Lee Langley

On the waterfront | 4 April 2009

Jeff in Venice, Death in Varanasi, by Geoff Dyer

issue 04 April 2009

Geoff Dyer is the least categorisable of writers. Give him a genre and he’ll bend it; pigeonhole him and he’ll break out. Clever, funny, an intellectual with a resolutely bloke-ish stance; irreverent and incorrigibly subversive, this is the man who set off to write a study of D. H. Lawrence and came up with Out of Sheer Rage, a rant against academia in which Lawrence figured as a spear-carrier. His book about jazz, But Beautiful, started life as a critical study, and in its final form combined laconic history with poignant vignettes; short stories that uncovered the heart and soul of the music. Fiction as truth.

His most beguiling book, Yoga for People Who Can’t Be Bothered to Do It, was a collection of anti-travel articles and mood pieces, with some hair-raising, first-hand drug-taking stuff, and an essay on Leptis Magna that managed to be simultaneously insightful, thought-provoking and hilarious.

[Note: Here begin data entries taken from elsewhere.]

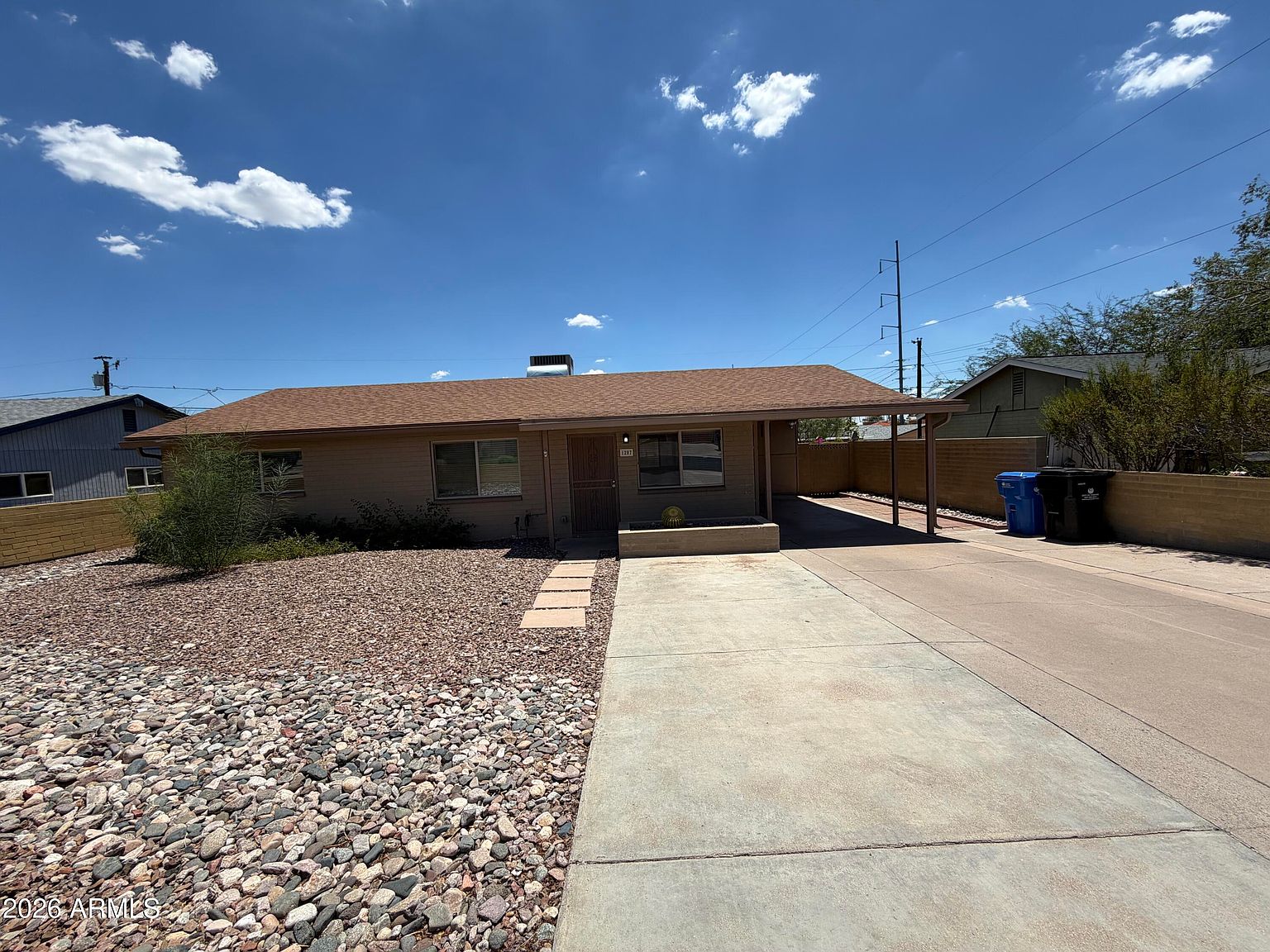 1207 E Christy Dr Phoenix, AZ 85020 photo 4
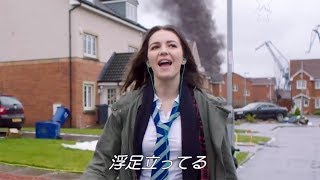 女子高生、街の異変に気づかず歌い踊る!? 青春ゾンビミュージカル映画『アナと世界の終わり』本編映像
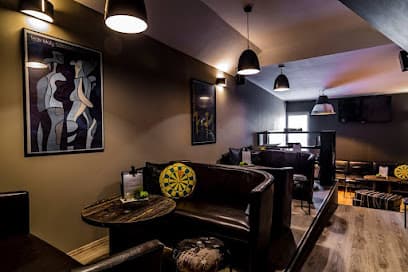 Takk, Bar & Lounge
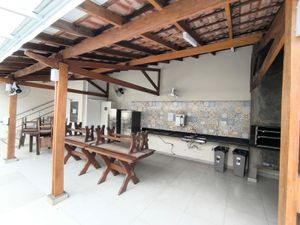 Image 15 - 932435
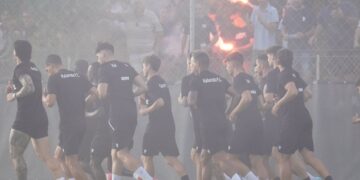 «Μια γροθιά για την άνοδο» – Έστειλαν το μήνυμα κόσμος και ομάδα στην Καλαμάτα!
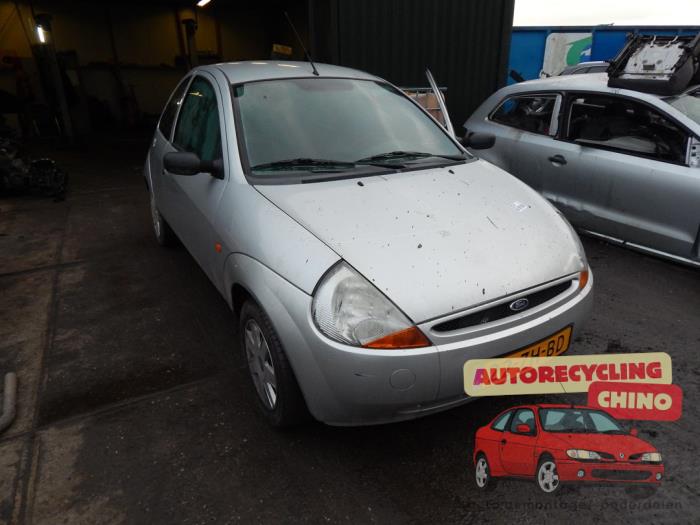 Ford Ka I 1.3i Épave (2008, Gris)
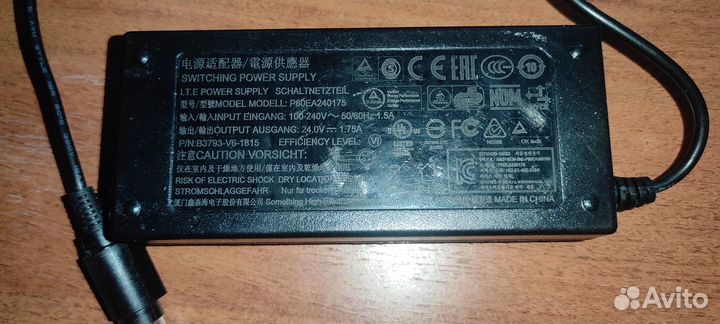 Блок питания 24 v. от 1,75 до 2.5 a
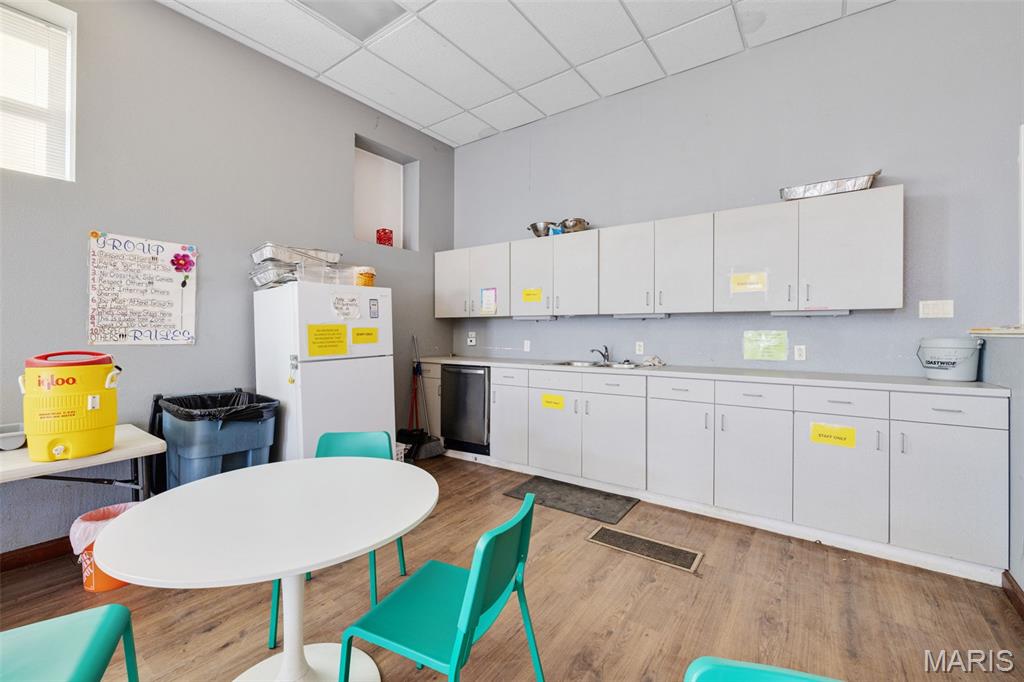North Broadway - Commercial Sale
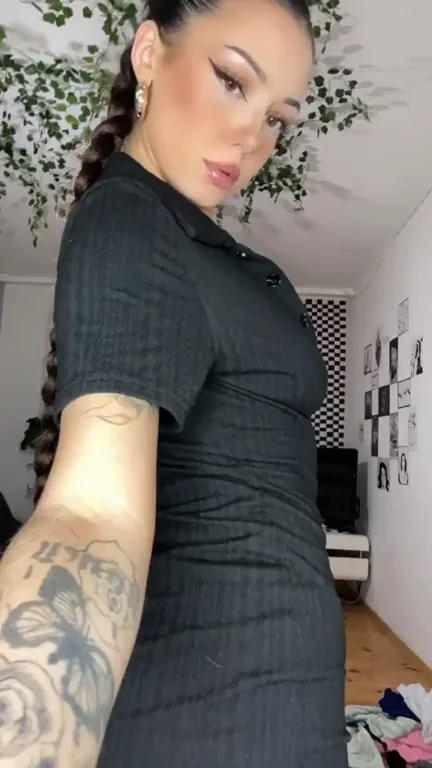 19yo Slut Begs: Older Daddies Wanna Fuck This Tight Body? 🔥🍑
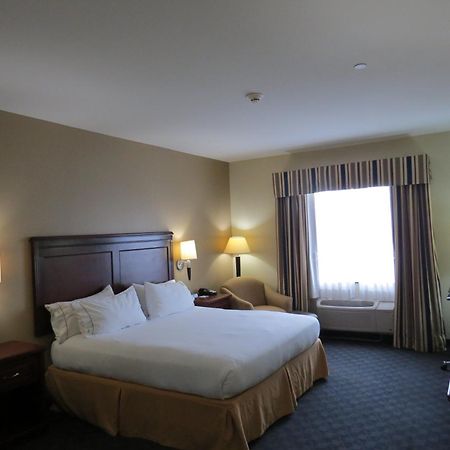 Holiday Inn Express Hotel & Suites Pampa By Ihg Exterior foto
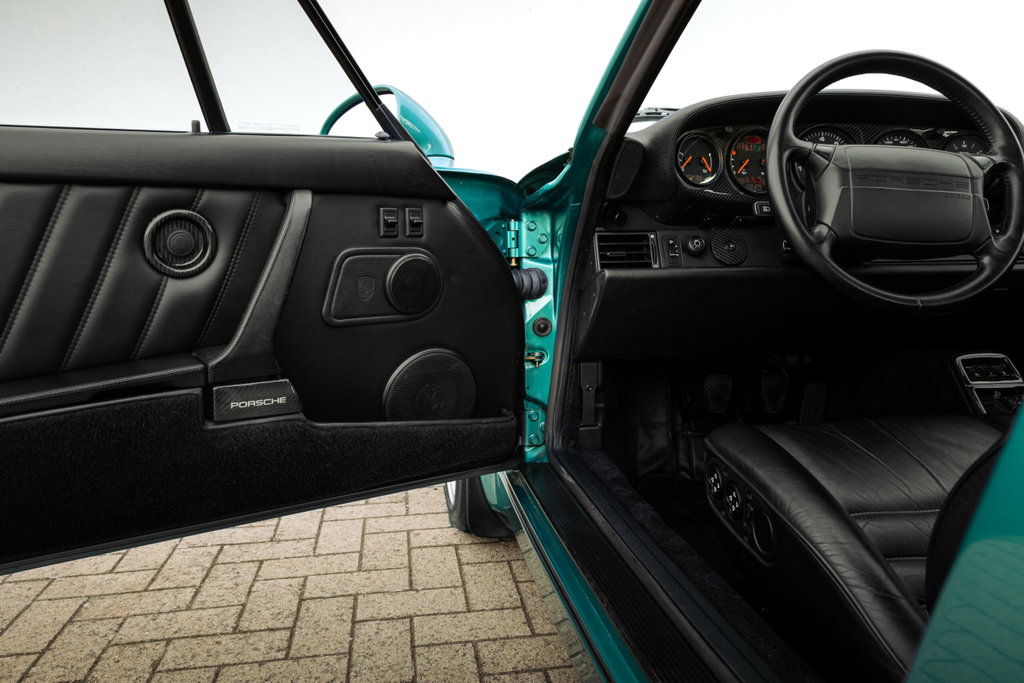 Porsche 964 Carrera 2 Cabrio WTL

Dyer is more than a cult writer; he’s a virus, invading your system. You look at things differently, embracing the idiosyncratic, keeping the obvious at bay. Jeff in Venice, Death in Varanasi is his latest oddity. So where does it figure in the Dyerarchy? Described as a novel, it is in fact two novellas, set in two cities, linked only (unless I’m missing something) by the fact that the central figure is a journalist in town to write a commissioned piece. Dyer himself has called it a diptych.

Jeff in Venice begins with Jeff Atman setting out to cover the Biennale for a magazine called Kulchur. He is forty-something, tall, thin, consumed with anxieties about everything: status, job, mortality, party invitations … Worried about going grey, he asks if the hairdresser can dye his hair.

‘Yes’ he said, ‘Dyeing is an art like everything else.